Não estamos todos tentando apenas ser felizes? Não estamos todos apenas
tentando viver da melhor maneira possível?
Pense bem, quando você fica sabendo de um caso de
assassinato ou outra forma de violência, envolvendo uma mulher ou um@ LGBT,
como você olha para esta história? O que você deduz e a partir do que? Você tem
informações suficientes sobre a vida dos envolvidos? Sobre o envolvimento de ambos?
E ainda que você acredite ter boas informações sobre tudo isso, estará certo do
que realmente houve? Mais do que isso: qual é a sua interpretação dos fatos?

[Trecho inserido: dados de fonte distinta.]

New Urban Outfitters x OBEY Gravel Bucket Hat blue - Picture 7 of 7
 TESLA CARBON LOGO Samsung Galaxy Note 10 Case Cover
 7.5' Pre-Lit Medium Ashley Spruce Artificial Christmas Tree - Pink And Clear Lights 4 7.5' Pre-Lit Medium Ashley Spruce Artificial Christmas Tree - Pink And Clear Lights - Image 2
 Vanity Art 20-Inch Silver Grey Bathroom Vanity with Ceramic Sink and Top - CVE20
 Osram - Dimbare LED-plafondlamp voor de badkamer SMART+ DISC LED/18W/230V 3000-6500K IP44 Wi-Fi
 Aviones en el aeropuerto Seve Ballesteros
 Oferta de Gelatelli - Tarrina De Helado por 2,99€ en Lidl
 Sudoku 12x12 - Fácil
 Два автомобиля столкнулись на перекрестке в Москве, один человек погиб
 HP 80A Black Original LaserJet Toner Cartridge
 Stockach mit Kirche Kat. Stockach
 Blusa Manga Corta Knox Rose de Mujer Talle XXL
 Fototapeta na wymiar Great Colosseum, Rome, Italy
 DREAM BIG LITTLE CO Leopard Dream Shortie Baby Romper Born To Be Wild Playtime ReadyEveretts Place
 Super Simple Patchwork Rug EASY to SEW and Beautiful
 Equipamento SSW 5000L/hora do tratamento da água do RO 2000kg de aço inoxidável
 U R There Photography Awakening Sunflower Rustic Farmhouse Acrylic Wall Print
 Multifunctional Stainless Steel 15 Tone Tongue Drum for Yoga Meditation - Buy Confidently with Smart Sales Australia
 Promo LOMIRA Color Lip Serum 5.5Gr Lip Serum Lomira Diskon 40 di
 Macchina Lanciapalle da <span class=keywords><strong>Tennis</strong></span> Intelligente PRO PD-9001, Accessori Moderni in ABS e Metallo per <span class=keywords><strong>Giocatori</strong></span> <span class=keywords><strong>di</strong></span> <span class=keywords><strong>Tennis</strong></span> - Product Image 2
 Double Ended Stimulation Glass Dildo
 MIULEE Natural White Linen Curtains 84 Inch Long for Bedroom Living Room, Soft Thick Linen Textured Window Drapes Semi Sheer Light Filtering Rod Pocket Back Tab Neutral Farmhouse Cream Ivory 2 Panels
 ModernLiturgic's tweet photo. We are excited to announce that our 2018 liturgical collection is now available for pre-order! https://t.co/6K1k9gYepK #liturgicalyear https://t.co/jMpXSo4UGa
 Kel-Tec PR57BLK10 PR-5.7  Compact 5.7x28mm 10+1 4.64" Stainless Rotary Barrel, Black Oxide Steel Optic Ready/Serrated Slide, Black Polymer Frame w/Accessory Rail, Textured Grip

Sob que prisma você analisa o ocorrido? Será que não há resquícios dos
discursos homofóbicos a que somos submetidos todos os dias? Será que não se
absorve parte da postura de nossos próprios algozes? E quando é um caso de
violência entre heterossexuais, qual é a reação da imprensa, dos colunistas e
de nós mesmos?
Pense sobre isso, pois não se trata apenas de mim, de você e
de nossas ações, mas do discurso inferiorizante que nos infligem a todo o
momento e que não podemos de forma alguma reproduzir, pois de nada adianta
lutarmos e irmos às ruas por orgulho, respeito e dignidade se carregarmos nossos
algozes dentro de nós. Temos que romper estas amarras!